Exercise
The lines from the one holding "ASOS DESIGN - Tailliertes" to the final line of the listing below are to be duplicated exactly, with both ends included and pictures omitted.

Material to process
===============

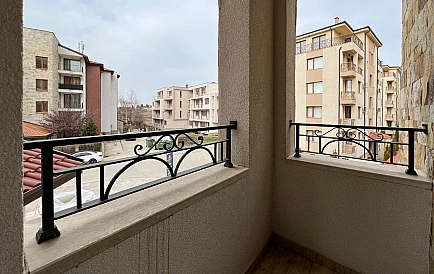 ID 10527 Двухкомнатная квартира в Эстебан Фото 5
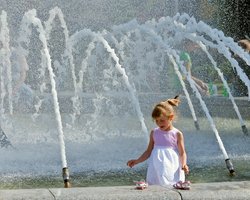 Побито пять рекордов. Июнь в Киеве был жарче климатической нормы на 3,5 градуса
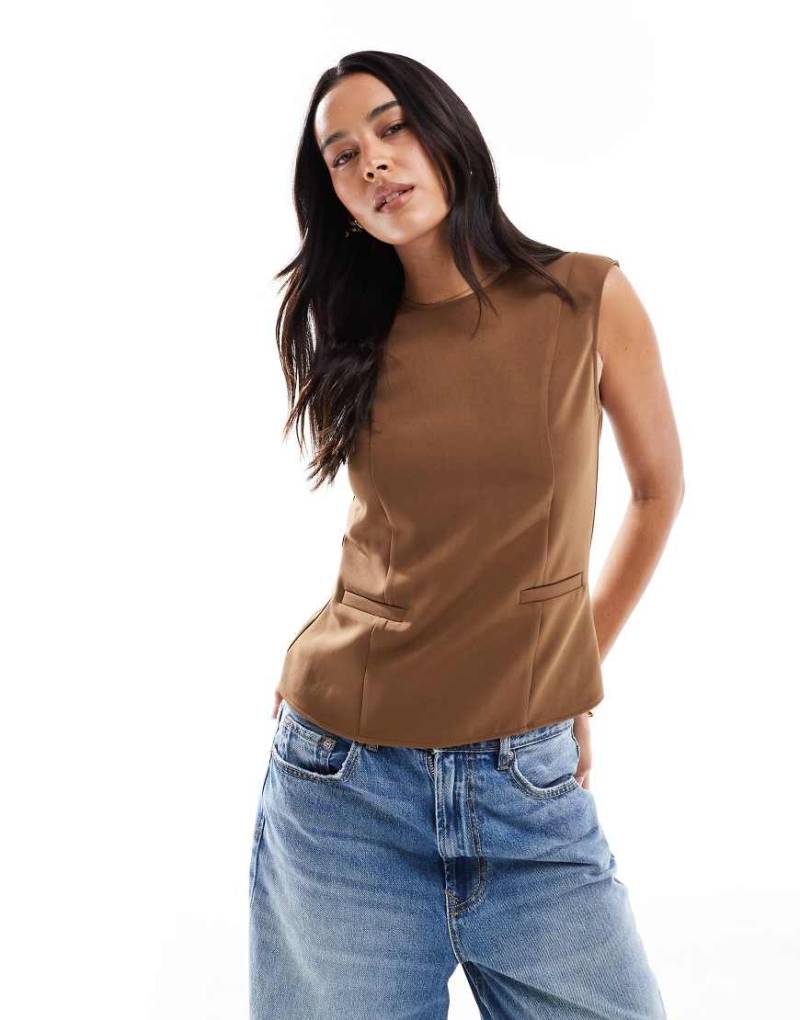 ASOS DESIGN - Tailliertes Oberteil in Mokka mit Ziernaht und Tasche-Braun von ASOS DESIGN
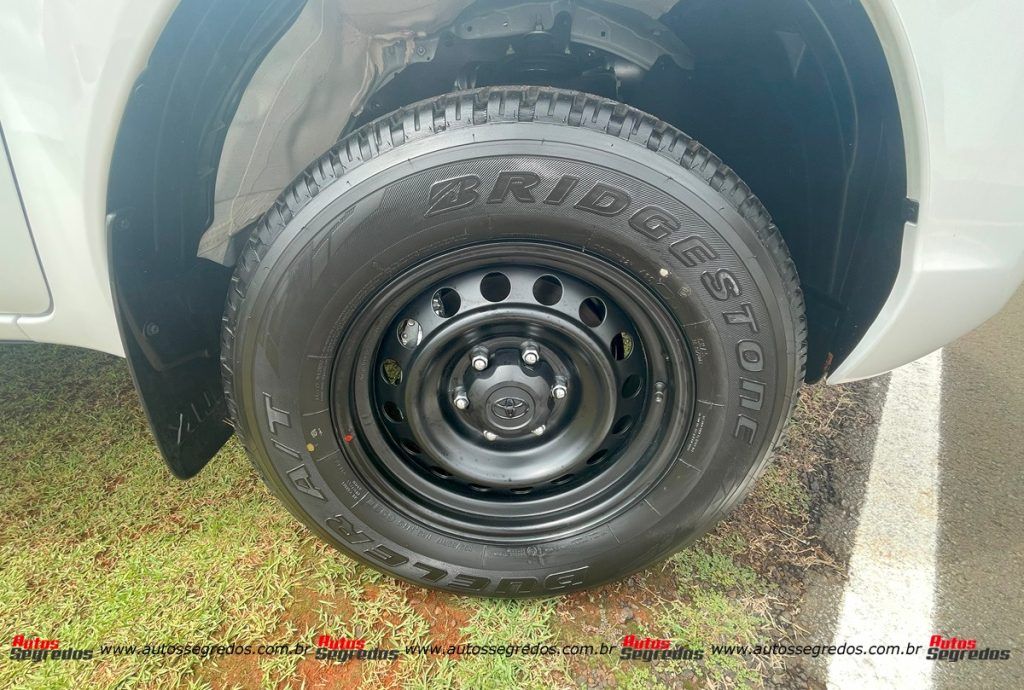 roda de aço da Toyota Hilux STD Power Pack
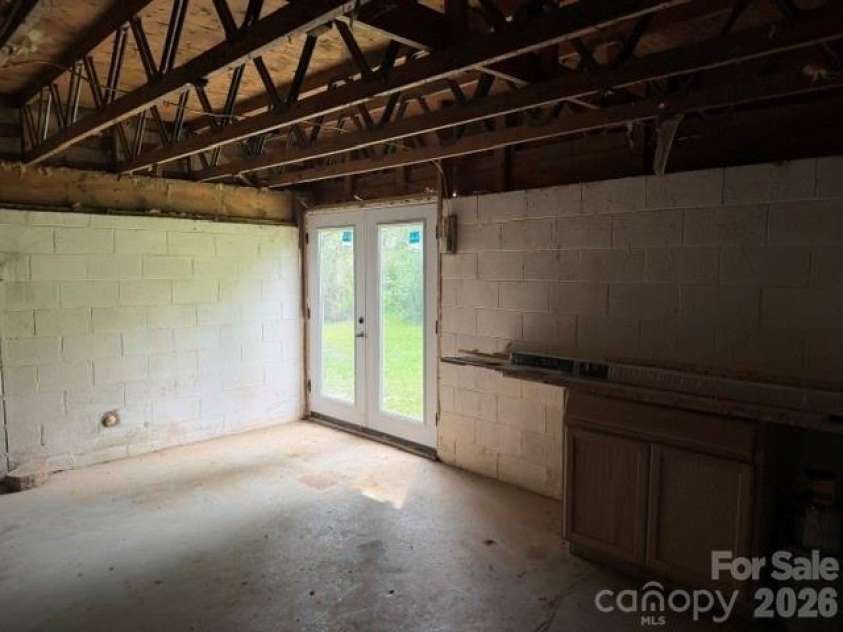65 Spencer Street, Clyde, NC 28721.  MLS# CAR4415325, YatesRealty ID 35818.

===============

Exercise solution
 ASOS DESIGN - Tailliertes Oberteil in Mokka mit Ziernaht und Tasche-Braun von ASOS DESIGN
 roda de aço da Toyota Hilux STD Power Pack
65 Spencer Street, Clyde, NC 28721.  MLS# CAR4415325, YatesRealty ID 35818.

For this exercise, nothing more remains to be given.